Negli anni Venti c’erano le jam session, inizialmente nate negli ambienti jazz, in cui i musicisti si ritrovavano regolarmente o occasionalmente per una performance musicale senza aver nulla di preordinato, di solito improvvisando su griglie di accordi e temi conosciuti. Spesso l’obiettivo non era intrattenere il pubblico ma creare l’occasione per provare nuovo materiale e mettere alla prova le proprie abilità confrontandosi con altri strumentisti, un ritrovo sociale in cui si improvvisava e si mescolavano diverse forme artistiche ed espressive. Proprio dal’esperienza delle jam session prende ispirazione DNA. Dominanti Nature Artistiche, la nuova associazione di artisti torinesi che vuole essere luogo e  tempo, in cui teatro, musica, arti visive si contaminano e si incrociano, amalgamando le suggestioni dell’arte ai linguaggi di scena, perché tutto è possibile quando nulla è deciso.

Questa è la filosofia, con cui alcuni artisti hanno dato vita, a Torino, all’associazione  Dominanti Nature Artistiche. «Un progetto sognato, sudato e voluto fortemente per poter dare voce all’arte a 360°”- racconta Carlotta Micol De Palma, attrice tra gli ideatori della compagnia – Perché DNA? Perché l’arte è nel sangue, e il sangue permette di vivere così come l’arte permette all’artista di esprimersi.. Dominanti Nature Artistiche perché un vero artista non può reprimere la sua vera natura».

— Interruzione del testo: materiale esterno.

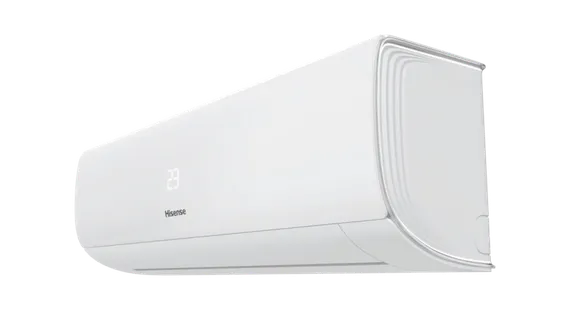Настенная сплит-система Hisense AS-13UW4RYRKB05 Zoom 2.0 DC Inverter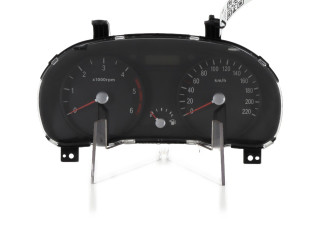 Панель приборов 940061G580, I0-5387G   KIA Rio       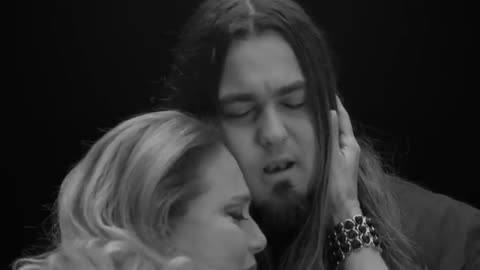 WOMAN IN CHAINS - NOTURNALL feat. MARIA ODETTE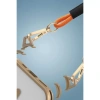 İphone 15 Plus Kılıf Enka Magsafe Silikon Kılıf - Desert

L’idea che sta alla base di questo associazionismo cooperativo di artisti è quella di promuovere progetti culturali e artistici in senso ampio, cercando di creare occasioni d’incontro con le opere, con le persone e con l’operato delle persone. DNA vuole promuovere l’arte e la cultura in più modalità possibili: dall’interazione e integrazione di diverse modalità espressive per valorizzare la sensibilità e le capacità di chiunque voglia provare a muoversi in un contesto così ampio come l’arte, alla partecipazione a grandi eventi sociali del territorio rendendo  l’arte  non solo contenitore di idee ma strumento utile per veicolare idee e sensibilizzare.

«Il teatro, la musica, la fotografia – spiega De Palma – possono essere strumento importante anche per la gestione di questioni complesse legate al territorio. In quest’ottica, anche il ruolo dell’artista stesso si è modificato, caricato di nuovi significati e, in un certo senso, anche di responsabilità nei confronti del pubblico, non più semplice artista ma animatore sociale, o meglio di “attore sociale».

I primi appuntamenti in programma

DNA partirà, da martedì 22 a venerdì 25 ottobre, con una settimana dedicata alle lezioni prova, aperte sia a chi fosse alla sua prima esperienza artistica, sia a  chi invece ha già mosso i primi passi. Seguiranno alcune produzioni teatrali, fra le prime in scena “MK-Ultra”, testo a sfondo sociale ambientato in un futuro prossimo e una giornata di Co-arting, aperta a tutti gli artisti del territorio chiamati a confrontarsi con performance diverse su uno stesso tema.